Ireland and the single monetary policy

Ireland adopted the euro at its inception in January 1999 and became part of a large monetary union.

This was not something fundamentally new in Ireland, however, as until 1979 Ireland had participated

in a currency area with sterling for over one hundred and fifty years previously; the Irish currency and

sterling were amalgamated at parity in 1826. With the introduction of the Irish pound in the late 1920s,

there was a no-margins one-for-one link between the Irish pound and sterling which prevailed until

1979. Coupled with complete freedom of capital mobility, this resulted in virtually the same levels of

interest rates in Ireland and the UK. Given the high degree of trade integration as well as capital and

labour mobility which existed during this period, it could be argued that this exchange rate regime was

an entirely natural phenomenon; in this regard, Ireland and the UK could have been regarded as an

optimum currency area.

In the mid-1970s, the link with sterling began to be questioned following persistent high inflation rates

in the UK coupled with a significant depreciation of sterling which inevitably resulted in broadly

similar rates of inflation in Ireland. The establishment of the European Monetary System (EMS) - with

its primary objective of being a “zone of monetary stability” - provided an alternative to the sterling

link. Ireland joined the EMS at its inception in 1979, and the link with sterling ended shortly

afterwards as sterling rose against EMS currencies.

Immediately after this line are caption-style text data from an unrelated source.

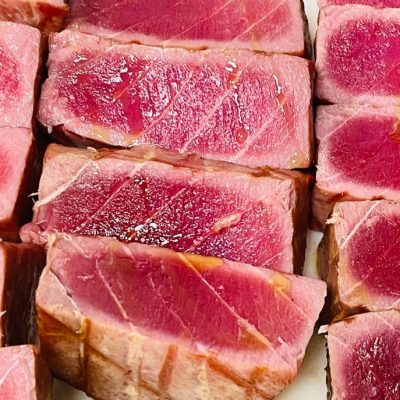 tagliata di tonno porzionata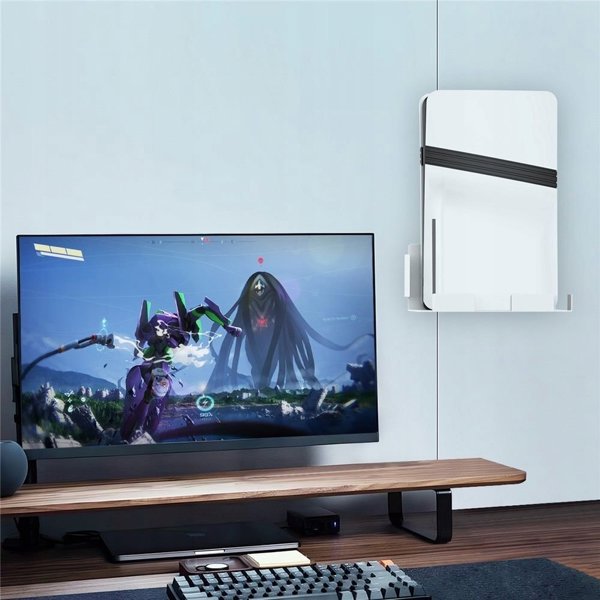 Βάση Τοίχου Στήριξης για Sony Play Station 5 Ps5 Digital Disc Slim Pro / Jys-p5226-v2 / Λευκή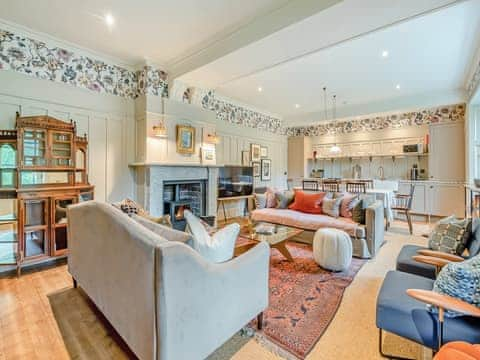 Open plan living space | Baillies Cottage - Croiscrag Lodge, Rannoch, near Pitlochry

The experience in the EMS has not always been positive, particularly in the early years, with a

sizeable appreciation of sterling and the pursuit of pro-cyclical fiscal policies which undermined

stability. In August 1986, the Irish pound was devalued by 8%, in part to reverse an unwarranted

appreciation of the Irish pound’s effective exchange rate that had occurred mainly due to a sharp

weakening of sterling. For over a decade thereafter, the nominal effective exchange rate for the Irish

pound was generally stable, apart from the 10% devaluation in January 1993. This devaluation, in the

context of the European currency crisis of 1992/1993, was again partly correcting an unwarranted

appreciation in the Autumn of 1992. This was an example of where Ireland was affected by contagion

in the international foreign exchange markets.





5 BIS Review 112/2000

From 1994, the Irish economy began to grow strongly. During this period, economic policy was

primarily driven by the need to meet the criteria for EMU membership. Policies of fiscal prudence

were continued while exchange rate policy was consistent with price stability. In the two years prior to

membership of the euro area the Irish pound was relatively strong. This was consolidated by a 3%

revaluation of the Irish pound in the EMS in March 1998.



Benefits of EMU

In a small open economy with a high degree of trade integration into the EU and world economies, it

is logical for Ireland to be amongst the keenest supporters of EMU. A small economy such as Ireland,

which exports a significant part of its output to other participating countries, should stand to derive

significant benefit. Secondly, the prospect of monetary stability will have a long-term beneficial

impact on investment and growth. Over time, in accordance with the price stability mandate of the

ECB, inflation is unlikely to exceed 2% per annum for any sustained period of time. As a result,

nominal interest rates should not, in general, carry a significant inflation risk premium. In addition,

EMU imposes a discipline on participating countries, in the sense that sound fiscal policies and

enhanced structural reform assume greater importance in a monetary union. Finally, some positive

effects resulting from the single currency will become evident in capital and financial markets. Over

time, for example, the development of deep and liquid capital markets will improve the potential for

companies to raise finance. This will enhance the growth prospects of younger firms, in particular;

these are typically innovating firms which bring new technologies to the market. In addition, the

increased efficiency and competitiveness of financial markets in the euro area will facilitate an

increase in corporate restructuring through mergers and acquisitions activity. On the latter point, there

is evidence that this process is already underway.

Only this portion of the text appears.